**PROBLEM TO WORK ON**
For the data below, give again exactly the lines from the one containing "sofa 01 3D Model" through the one containing "China Modern Hanging", both ends included, and no others.

**MATERIAL PROVIDED**
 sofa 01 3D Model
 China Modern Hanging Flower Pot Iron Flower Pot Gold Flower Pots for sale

==

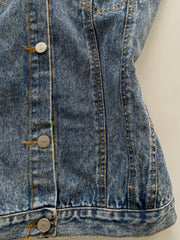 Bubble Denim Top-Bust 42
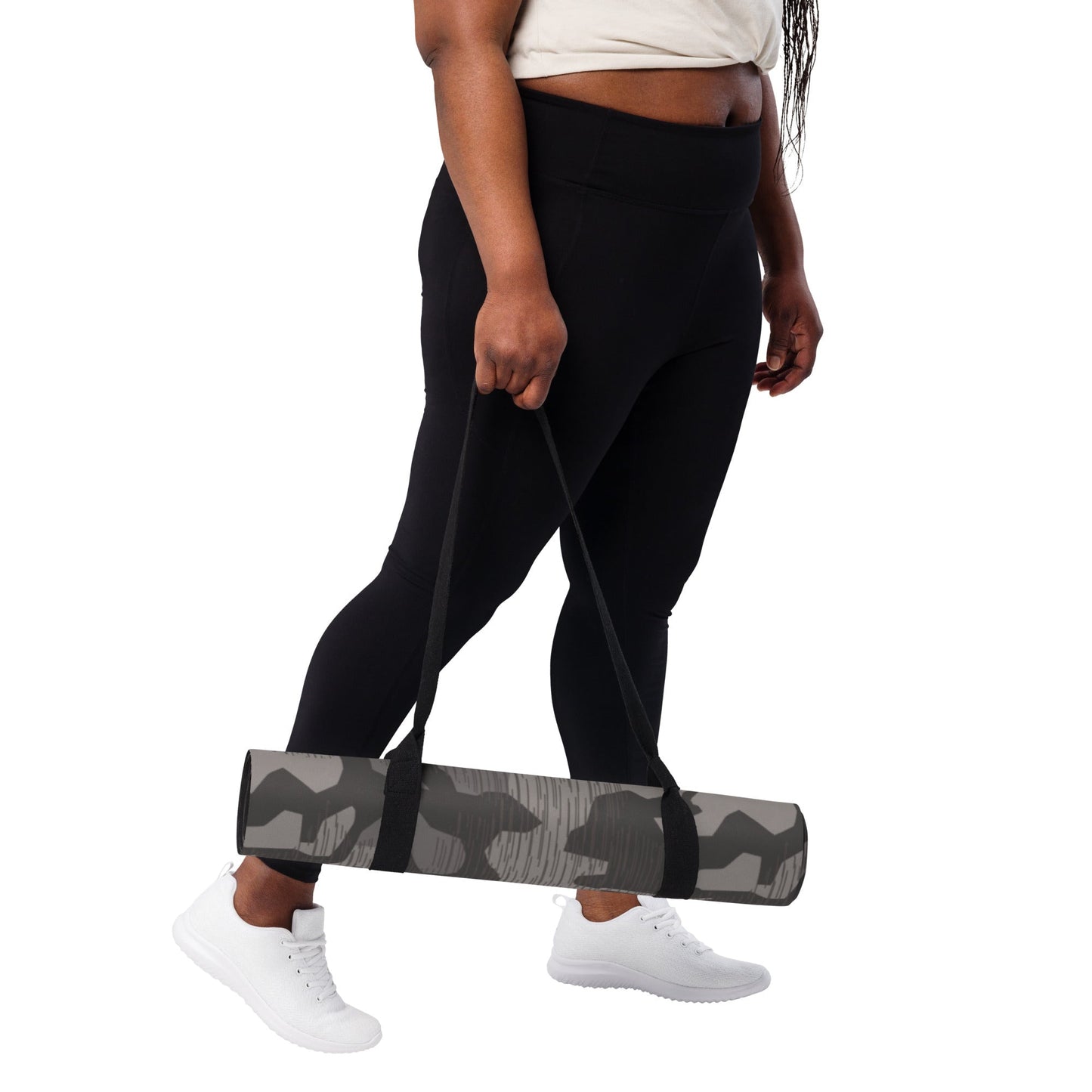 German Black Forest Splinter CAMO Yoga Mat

* * *

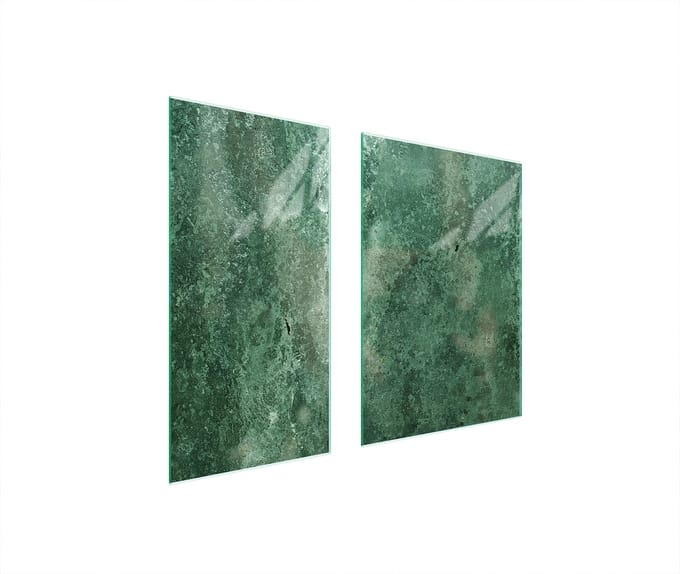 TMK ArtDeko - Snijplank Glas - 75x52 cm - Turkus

**ANSWER SECTION**
 sofa 01 3D Model
 China Modern Hanging Flower Pot Iron Flower Pot Gold Flower Pots for sale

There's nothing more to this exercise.